Yes there was a lot of pent up demand because everyone knows how well they worked on those little kof switchers. I am definitely going to get more of them.... 

Keith


----------



## mbendebba (Jan 22, 2011)

Keith: 

I sold-out within days from receiving my shipment, and I placed my second order barely in time. By the way, I think the price is reasonable, these uncouplers are less expensive than the uncouplers in the Kof switchers were in 1993. 


Mohammed 
http://www.allaboutlgb.com


----------



## VictorSpear (Oct 19, 2011)

Cougar,

Can you share some pics ? 

Danke

Victor


----------



## Cougar Rock Rail (Jan 2, 2008)

Hi Victor, 

Here is a good picture on the GBDB site: 

http://www.gbdb.info/details.php?im...;l=english 


And here is a short video I took of my installation--gives you the idea of how it works:

http://1stclass.mylargescale.com/co...oupler.MOV

Keith


----------



## Chip (Feb 11, 2008)

How does this perform on a very light weight car? 
Chip


----------



## Cougar Rock Rail (Jan 2, 2008)

How does this perform on a very light weight car? 

Hi Chip, 

I tested them on several differerent cars. On a light two axle car with steel wheels it would definitely move the car a little, but then the same thing happens with servo/paddles too because you will always have the friction with the hook. It's one of the down sides to hook and loops. The Krois doesn't have that problem but then that's only because the loop section on the locomotive is cut away on that design. On these you have a kind of ramp that is created for the hook to slide and release on, so you have that friction. With multiple cars or four axle cars it wasn't a factor.
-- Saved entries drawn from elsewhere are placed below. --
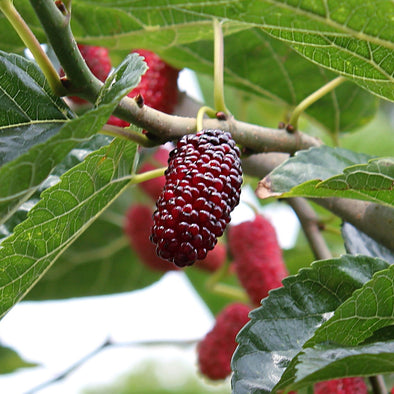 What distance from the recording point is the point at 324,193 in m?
0.66

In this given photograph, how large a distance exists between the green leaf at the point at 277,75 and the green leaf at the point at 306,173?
11.9 inches

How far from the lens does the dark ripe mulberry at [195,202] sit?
0.58m

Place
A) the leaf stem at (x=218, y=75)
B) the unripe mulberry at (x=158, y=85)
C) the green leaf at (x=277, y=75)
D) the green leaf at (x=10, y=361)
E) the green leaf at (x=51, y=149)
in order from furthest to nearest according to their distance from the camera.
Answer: the green leaf at (x=10, y=361) → the green leaf at (x=277, y=75) → the unripe mulberry at (x=158, y=85) → the leaf stem at (x=218, y=75) → the green leaf at (x=51, y=149)

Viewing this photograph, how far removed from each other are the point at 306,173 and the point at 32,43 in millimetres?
317

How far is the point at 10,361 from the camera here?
1436 mm

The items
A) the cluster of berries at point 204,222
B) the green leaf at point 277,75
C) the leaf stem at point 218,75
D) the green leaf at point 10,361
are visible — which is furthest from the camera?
the green leaf at point 10,361

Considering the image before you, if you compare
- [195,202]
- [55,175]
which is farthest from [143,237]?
[195,202]

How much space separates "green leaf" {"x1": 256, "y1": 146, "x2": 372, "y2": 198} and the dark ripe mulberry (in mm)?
83

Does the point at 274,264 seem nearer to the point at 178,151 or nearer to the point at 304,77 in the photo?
the point at 304,77

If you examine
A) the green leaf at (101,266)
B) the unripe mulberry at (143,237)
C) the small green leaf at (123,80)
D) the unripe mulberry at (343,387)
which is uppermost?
the small green leaf at (123,80)

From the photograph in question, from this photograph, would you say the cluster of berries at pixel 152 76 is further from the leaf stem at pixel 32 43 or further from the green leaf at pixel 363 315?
the green leaf at pixel 363 315

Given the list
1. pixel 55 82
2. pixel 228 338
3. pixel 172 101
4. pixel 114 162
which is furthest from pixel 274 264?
pixel 55 82

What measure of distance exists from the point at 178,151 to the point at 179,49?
48 centimetres

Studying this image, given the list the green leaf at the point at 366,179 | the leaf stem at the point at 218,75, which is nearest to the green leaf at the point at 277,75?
the leaf stem at the point at 218,75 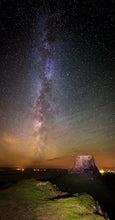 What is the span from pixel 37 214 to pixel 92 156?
92.9m

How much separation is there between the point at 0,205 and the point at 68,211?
8.01 metres

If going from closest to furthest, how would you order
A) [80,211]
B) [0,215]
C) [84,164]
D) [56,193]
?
[0,215]
[80,211]
[56,193]
[84,164]

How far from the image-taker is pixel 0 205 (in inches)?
572

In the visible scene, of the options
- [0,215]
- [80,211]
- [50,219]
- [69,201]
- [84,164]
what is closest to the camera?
[50,219]

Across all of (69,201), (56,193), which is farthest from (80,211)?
(56,193)

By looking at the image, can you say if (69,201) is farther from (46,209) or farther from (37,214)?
(37,214)

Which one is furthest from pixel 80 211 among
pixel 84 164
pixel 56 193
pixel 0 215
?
pixel 84 164

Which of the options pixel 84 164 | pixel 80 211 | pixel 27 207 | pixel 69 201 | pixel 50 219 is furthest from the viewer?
pixel 84 164

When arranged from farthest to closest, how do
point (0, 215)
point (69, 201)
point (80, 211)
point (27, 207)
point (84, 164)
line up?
point (84, 164)
point (69, 201)
point (27, 207)
point (80, 211)
point (0, 215)

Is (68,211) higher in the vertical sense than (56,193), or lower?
higher

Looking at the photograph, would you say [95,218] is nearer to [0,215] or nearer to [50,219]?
[50,219]

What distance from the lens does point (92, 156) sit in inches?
3804

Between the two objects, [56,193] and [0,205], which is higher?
[0,205]

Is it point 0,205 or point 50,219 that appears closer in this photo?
point 50,219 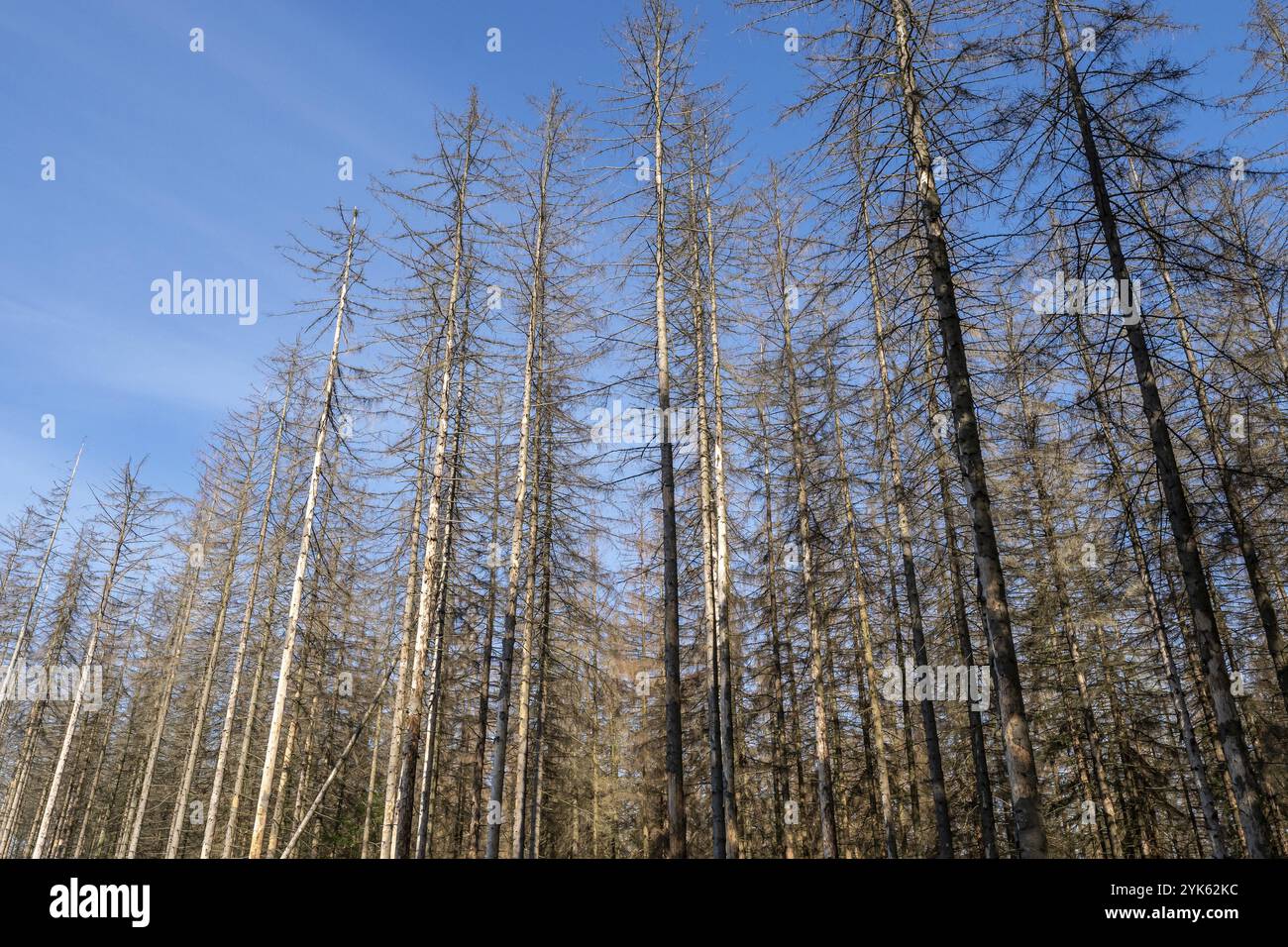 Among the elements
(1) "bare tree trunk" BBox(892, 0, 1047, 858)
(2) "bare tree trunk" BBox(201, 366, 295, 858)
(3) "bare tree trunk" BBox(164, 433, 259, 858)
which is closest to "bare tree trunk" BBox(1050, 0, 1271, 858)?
(1) "bare tree trunk" BBox(892, 0, 1047, 858)

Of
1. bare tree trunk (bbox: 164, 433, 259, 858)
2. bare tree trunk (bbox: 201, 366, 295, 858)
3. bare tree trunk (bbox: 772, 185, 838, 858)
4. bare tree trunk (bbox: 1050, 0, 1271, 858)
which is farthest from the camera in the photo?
bare tree trunk (bbox: 164, 433, 259, 858)

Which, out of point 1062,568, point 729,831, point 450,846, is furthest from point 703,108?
point 450,846

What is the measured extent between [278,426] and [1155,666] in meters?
24.0

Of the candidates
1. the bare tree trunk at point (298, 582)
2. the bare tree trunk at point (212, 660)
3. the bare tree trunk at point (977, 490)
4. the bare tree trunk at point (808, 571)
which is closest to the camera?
the bare tree trunk at point (977, 490)

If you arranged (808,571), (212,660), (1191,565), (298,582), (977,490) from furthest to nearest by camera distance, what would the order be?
(212,660)
(808,571)
(298,582)
(1191,565)
(977,490)

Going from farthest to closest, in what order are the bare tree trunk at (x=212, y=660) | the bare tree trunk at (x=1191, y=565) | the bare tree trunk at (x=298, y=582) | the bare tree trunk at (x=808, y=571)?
the bare tree trunk at (x=212, y=660) < the bare tree trunk at (x=808, y=571) < the bare tree trunk at (x=298, y=582) < the bare tree trunk at (x=1191, y=565)

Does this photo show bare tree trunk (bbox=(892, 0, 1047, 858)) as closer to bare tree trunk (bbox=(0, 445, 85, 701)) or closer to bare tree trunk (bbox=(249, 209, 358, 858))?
bare tree trunk (bbox=(249, 209, 358, 858))

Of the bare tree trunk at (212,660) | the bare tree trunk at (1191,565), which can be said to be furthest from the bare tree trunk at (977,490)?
the bare tree trunk at (212,660)

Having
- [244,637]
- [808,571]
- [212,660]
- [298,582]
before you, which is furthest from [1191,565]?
[212,660]

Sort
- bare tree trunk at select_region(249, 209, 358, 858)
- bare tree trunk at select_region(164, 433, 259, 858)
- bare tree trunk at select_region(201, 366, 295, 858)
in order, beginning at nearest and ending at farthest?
1. bare tree trunk at select_region(249, 209, 358, 858)
2. bare tree trunk at select_region(201, 366, 295, 858)
3. bare tree trunk at select_region(164, 433, 259, 858)

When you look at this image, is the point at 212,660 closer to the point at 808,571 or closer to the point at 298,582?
the point at 298,582

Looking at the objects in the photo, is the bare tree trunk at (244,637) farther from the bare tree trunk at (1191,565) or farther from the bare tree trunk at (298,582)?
the bare tree trunk at (1191,565)

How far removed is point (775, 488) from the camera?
57.2ft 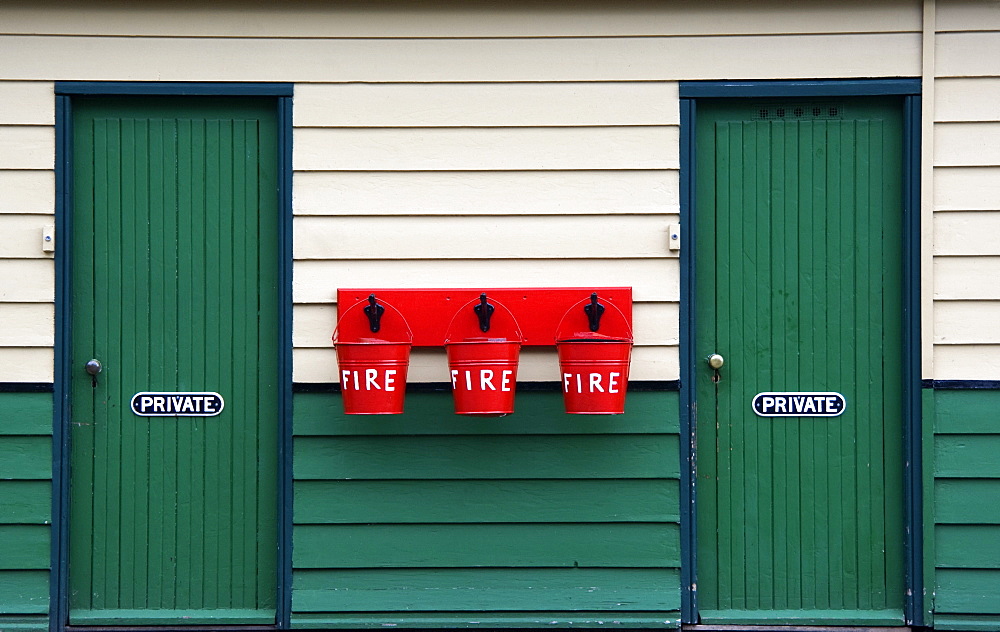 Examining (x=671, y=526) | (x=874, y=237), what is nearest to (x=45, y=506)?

I suppose if you wanted to you could lighten up the hook spring on light cars or if you were going to do a lot of single car shunting. For me 99% of the time I just want to unhook the whole train and either run around to the other end of it or leave it on a siding so it won't be an issue. 

Keith


----------



## Chip (Feb 11, 2008)

Keith:

I may be rusty on this one. Didn't you suggest something like this uncoupler years ago?
Chip


----------